A trial runs on provable facts. Those who relate such facts seek to do so stoically, to avoid appearance of bias. As a result even the horrific can appear cut and dried.

The second day featured high school students who had been enjoying lunch in a school courtyard when one of their number was culled from the herd, chased down and murdered in cold blood.  

The problem in this trial—one of the problems—was these kids still went to the high school where the murder took place. It was a high school where you hear terms like “gang-infested’ used often.  And these kids were asked to be, well, snitches

All but one witness seemed to be there reluctantly. All but one failed to dress for the occasion. One young man wore a Dodgers practice jersey and a gold chain.  A girl appeared in short shorts. Shorts so short that before she testified there was a sidebar, and after her testimony the kindly judge peered down over his glasses and encouraged her not to wear shorts the next time she testified in court.

If the judge caught the irony of his admonition—that testifying in court is something she might expect to do in the future—he did not so indicate.

Even accounting for normal teenage self-awareness, most appeared scared or shy or in some instances just the not-fully-formed pre-adult that inhabits the maturing body of a teenager. Most had to be reminded--sometimes repeatedly--to speak up and speak into the microphone. Several times the court reporter, lawyers, or the judge had to ask them to repeat what they'd just mumbled.

The boy in the Dodger jersey was among the most reluctant ones. When he entered the courtroom, he held his arms straight down by his sides, as if ready to perform in Lord of the Dance, only with his palms facing backward and his fingers curled into not quite a fist. At first, I thought he might be wearing shackles, and that may have been the subliminal message he wished to send. I do not want to be here, his body language fairly shouted.

He confirmed his reluctance under questioning. The DA asked if he wanted to "be here," and he replied "no." When asked why, he hesitated. "Well you know…" And we all knew.

 The DA persisted but not much was forthcoming. After the lunch recess, when the boy returned, the same prosecutor’s first question was "Did I chew you out in no uncertain terms during the lunch break?"

"Yes," the boy in the Dodger shirt responded.

We learned he’d been brought to court in a police car to make sure he showed.  The matter of reprisals was the elephant in the room. The thought of being turned out as a rat hung like the heavy, muggy air. 

During the day, the teens came and went, testifying in their whispers and mumbles and reluctance and with their downcast gazes. None of them attempted to make eye contact with the Defendant.  The prosecutions tactic, if not exactly backfiring, didn’t seem to be helping his case.

It was obvious all the students had been prepped—overly prepared in some cases—by the prosecutor.
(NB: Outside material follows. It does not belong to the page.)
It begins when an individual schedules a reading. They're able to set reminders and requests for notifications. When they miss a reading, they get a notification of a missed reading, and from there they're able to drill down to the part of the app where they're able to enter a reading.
One appeared so anxious to get it over with and get off the stand he’d take a question and run with it like a horse with the bit in his teeth. Once the DA said, "Wait, I have to ask the question before you answer it.”
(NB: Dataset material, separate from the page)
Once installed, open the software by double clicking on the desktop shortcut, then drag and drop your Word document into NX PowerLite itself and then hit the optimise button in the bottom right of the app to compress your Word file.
At times the witnesses to the murder would be asked to rise and approach an easel where diagrams and photos of the murder scene had been placed. The prosecutor, using different colored magic markers, drew in boxes in the diagram representing automobiles, X's marking spots, initials noting the place where the witness stood when the crime took place.  

Through the whispers and the arrows and the boxes, the banality of a child's murder was being laid out with technical precision. But still the emotion of the horrific event had not really taken hold.

The overworked air-conditioning in the courtroom forced some jurors to fight to remain conscious. The monotonous answers, reluctantly given, started to blend together.  

"Overkill," I wrote down in my notebook, as I tried to stay awake.

Finally the DA announced there would be a final witness.

The Kid Enters

Enter the Kid in the Mustard Yellow Suit.  He appeared to be a few years older that the earlier witnesses. He dressed in his Sunday-Go-to-Meeting best. His suit was a single-breasted job, cleaned and well pressed, a special occasion outfit that undoubtedly was the height of fashion in some places.

The fact that he chose to wear a suit at all made a statement. Other than the attorneys and the defendant, he was the only one in the courtroom wearing a jacket.  Without saying a word, he conveyed more authority than Dodger jersey guy or shorts girl.

Unlike his peers, he did not shuffle into the courtroom, but walked smoothly, a task to be done. When he sat, he did not slouch. When he spoke, his voice could be heard from the first word to the back of the room. His hair was recently cut. It looked good, unlike the over-quaffed ‘do of the appointed attorney, the stubbly dome of the defendant, or the too-busy-for-a-trim prosecutor.  

The Kid in the Mustard Yellow Suit answered each question without evasion. He was direct. He did not ramble. He’d seen almost everything happen that day.  As intended, his testimony added another layer of veracity to the prosecution arguments, clarifying and backing up with strong-voiced certainty what had been reluctantly muttered by other witnesses.  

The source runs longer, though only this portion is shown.